The last few days have been busy ones full of preparation so that I can put "Operation Leapfrog" into action. After I left Kennedy Meadows at the end of May, I by-passed the snow-bound Sierra and drove up here north of Redding in the "Tuna Can" rig and rode the section from Castle Crags to Old Station. My mom arrived a week later with the "Bomb Shelter" truck and trailer combo, and she picked me up when I finished the section. The next day, with the horses happily resting at a friend's home outside Redding, we took her truck to Castle Crags to retrieve Tuna Can (and found a lead rope that I had dropped somewhere on the trail waiting for me on the hood of the truck with a nice note from a man who had come across it while riding on the PCT and figured it might belong to me; I told you I rely on the kindness of strangers!). We then drove north to a trailhead off Highway 140 between Medford and Klamath Falls where we left Tuna Can and returned to Redding.
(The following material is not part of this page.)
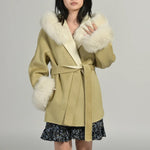 Hooded Belted Coat with Faux Fur Trim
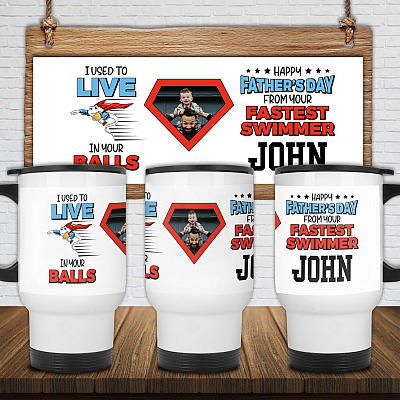 14 oz. White Travel Mug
The day after that, I dropped my mom at the airport and took Shyla with me to Seiad Valley in the other truck and trailer. I camped overnight near Seiad and made some food caches at strategic spots along the way; I also got to meet up with one of my favorite people from the ride in 2014, Bill Roberts, who lives in Seiad Valley with his wife Peggy. He was wonderful to us when we passed through the area on that earlier ride, loaning me a saddle pad and showing me a box hitch for my pack saddle panniers which I've been using ever since (much better than the barrel and diamond hitches I was using before). And finally I hit the trail again today, leaving the truck at Etna Summit and heading out with just Shyla on this section, as Takoda is still recuperating in Redding.
I was concerned about this stretch of trail due to the snow I fear is still out there, waiting for me. One of my first plans was to ride this part earlier, but I reconsidered that when I saw how much snow was still lingering on the flanks of Mt. Shasta and other nearby ranges when I first drove up 10 days ago. It's amazing how much snow has disappeared since then, but it's also worrisome how much is left.
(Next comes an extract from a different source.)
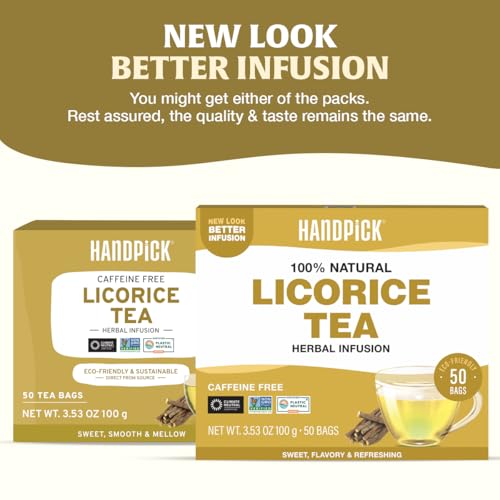 Image of HANDPICK Licorice Root Tea (50 Teabags) Delightful Natural Blend, Non GMO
Within two hours of starting on the trail, I was encountering my first snow banks and I could see more ahead of me.
This is the kind of solid wall of snow that gives me shivers. If it was just a matter of walking across some even covering of old snow, it wouldn't be a problem, but it usually doesn't present itself that way. The snow is icy and compacted from accumulating all winter long, and it melts in erratic patterns, so that there will be long clear stretches and then sudden solid barriers several feet high that block our path. You can see Shyla in the background standing in the trees on the other side of this, to give you an idea of the perspective and how daunting it can be to negotiate snow banks like these. I ran across this sort of snow obstacle every couple of miles; each time I would sigh with relief when I found a way over or around or past it, and then I hoped it was the last one . . . until the next one appeared. Ultimately I had to conquer a particularly difficult "snow chute" where a steep section of trail that switched-backed up between the sides of two ridges was completely covered in snow. Southbound hikers had been glissading down the chute, but I was going north and had to somehow scramble up it instead.
Finally we reached the highest point, where we looked down at an alpine lake and then begin to descend back down below the snowline. I was very glad to be leaving it behind!